The task for the listing below is to write out exactly the lines starting at the one containing "Here we're retrieving" and ending at the one containing "Meanwhile, Hong Kong", both included. Pictures are to be omitted.

DATA RECORDS =
•••••
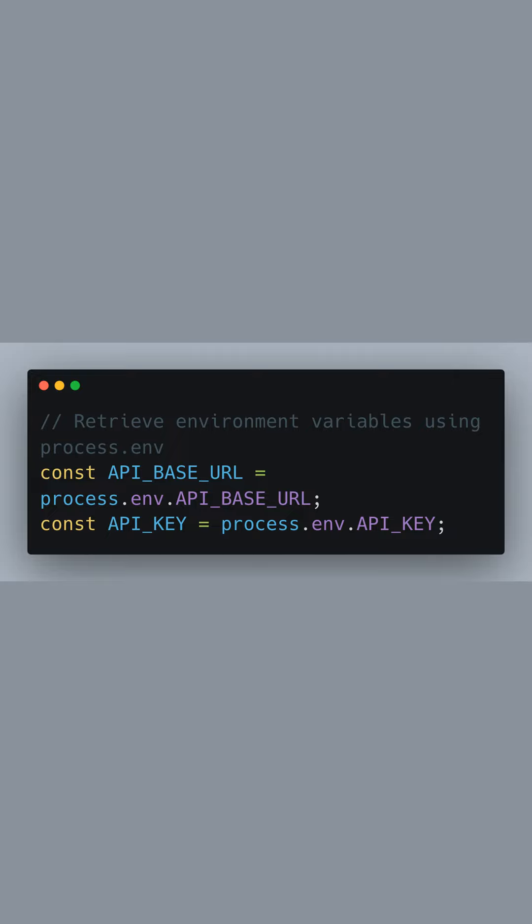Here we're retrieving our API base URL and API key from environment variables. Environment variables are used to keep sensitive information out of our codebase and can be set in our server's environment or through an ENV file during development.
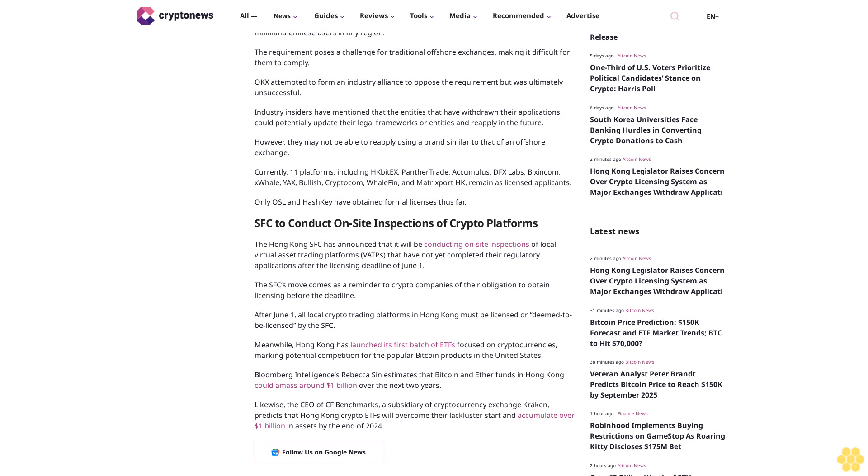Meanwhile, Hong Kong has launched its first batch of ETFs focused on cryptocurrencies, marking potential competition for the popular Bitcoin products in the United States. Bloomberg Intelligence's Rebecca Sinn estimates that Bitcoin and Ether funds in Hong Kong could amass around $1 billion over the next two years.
•••••
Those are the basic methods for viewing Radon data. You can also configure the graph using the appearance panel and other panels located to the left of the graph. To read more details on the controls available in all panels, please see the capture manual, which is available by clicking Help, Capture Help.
•••••
ANSWER SPACE =
Here we're retrieving our API base URL and API key from environment variables. Environment variables are used to keep sensitive information out of our codebase and can be set in our server's environment or through an ENV file during development.
Meanwhile, Hong Kong has launched its first batch of ETFs focused on cryptocurrencies, marking potential competition for the popular Bitcoin products in the United States. Bloomberg Intelligence's Rebecca Sinn estimates that Bitcoin and Ether funds in Hong Kong could amass around $1 billion over the next two years.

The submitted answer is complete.